Architecture Decision Record
ADR: Serverless vs Containers vs VMs
Context: Picking the compute model for a new workload. Revisit this decision once traffic patterns become clear.
| Criteria (Weight) | Serverless (Lambda) | Containers (ECS/K8s) | VMs (EC2/GCE) |
|---|---|---|---|
| Time to production (20%) | Hours (write function, deploy) | Days (Dockerize, configure orchestrator) | Days-weeks (AMIs, ASGs, config mgmt) |
| Cost at low traffic (20%) | Near-zero (pay per invocation) | $15-50/mo minimum (always-on task) | $30-100/mo minimum (smallest instance) |
| Cost at high traffic (15%) | Expensive ($5K+/mo at sustained 100 concurrency) | Efficient ($500/mo equivalent workload) | Most efficient at > 70% utilization |
| Latency control (15%) | Limited (cold starts, no connection pooling) | Full (persistent processes, warm connections) | Full |
| Operational overhead (15%) | None (no infra management) | Medium (cluster ops, image pipeline) | High (OS patching, capacity planning) |
| Vendor lock-in (10%) | High (event source bindings are provider-specific) | Low (OCI standard, portable across clouds) | Low (standard OS, portable) |
| Team size required (5%) | 1-2 developers | 3-5 with platform engineer | 5+ with SRE/ops |
Decision guidance: Start with serverless for greenfield projects where the traffic shape is unknown. It removes both cost risk and operational burden early on. Move to containers when monthly Lambda spend crosses $5K, when P99 latency requirements drop below 50ms, or when persistent connections are needed (WebSockets, gRPC streaming). Use VMs for workloads that need specific kernel modules, GPU access, or compliance rules that prohibit shared tenancy. In practice, most mature organizations run all three models at the same time: serverless for event processing, containers for APIs, VMs for legacy workloads. That is fine. Pick the right tool for each job and do not try to force everything into one model.
Key Points
- •Run code without managing servers. The cloud provider handles provisioning, scaling, and patching.

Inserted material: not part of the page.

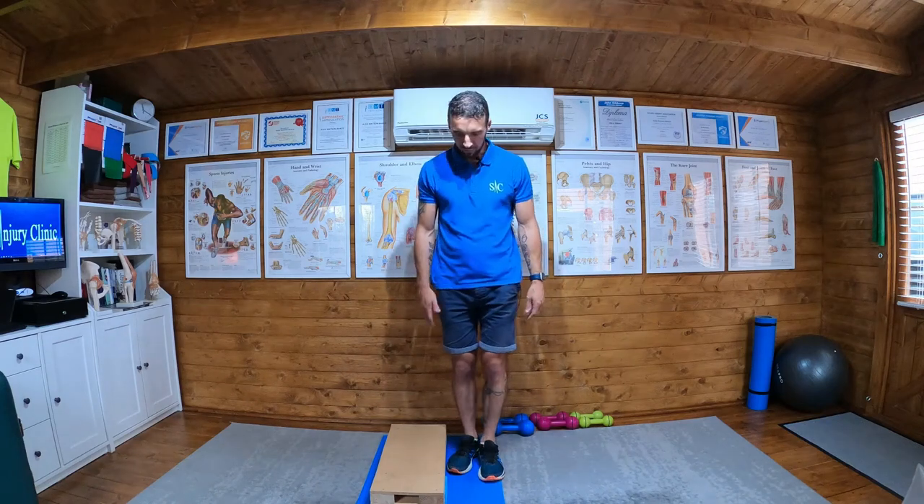For this exercise, what we need is a step. I'm going to have one foot on the edge of the step and stand up so the other leg is hanging free.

- •Pay-per-invocation pricing means zero cost at zero traffic, but it gets expensive fast at sustained high throughput.
- •Cold start latency (100ms-10s) is the biggest trade-off. Provisioned concurrency helps, but costs money.
- •Great for event-driven, bursty, short-lived workloads. Poor fit for long-running processes.
- •Vendor lock-in is real. Lambda, Cloud Functions, and Azure Functions each have different APIs and limits.
Tool Comparison
| Tool | Type | Best For | Scale |
|---|---|---|---|
| AWS Lambda | Managed | Broadest event source integration, mature ecosystem | Small-Enterprise |
| Cloudflare Workers | Managed | Edge execution, V8 isolates, sub-ms cold start | Small-Enterprise |
| Google Cloud Functions | Managed | GCP integration, Cloud Run for containers | Small-Enterprise |
| Knative | Open Source | Serverless on Kubernetes, no vendor lock-in | Medium-Enterprise |
Common Mistakes
- Using serverless for latency-sensitive synchronous APIs without provisioned concurrency
- Ignoring concurrent execution limits, then getting throttled when traffic spikes
- Building monolithic functions that do too much. Each function should do one thing.
- Forgetting cold start impact on P99 latency. That 1% of requests can be 10x slower than normal.
- Skipping timeout and memory limits. Runaway functions will burn through the budget.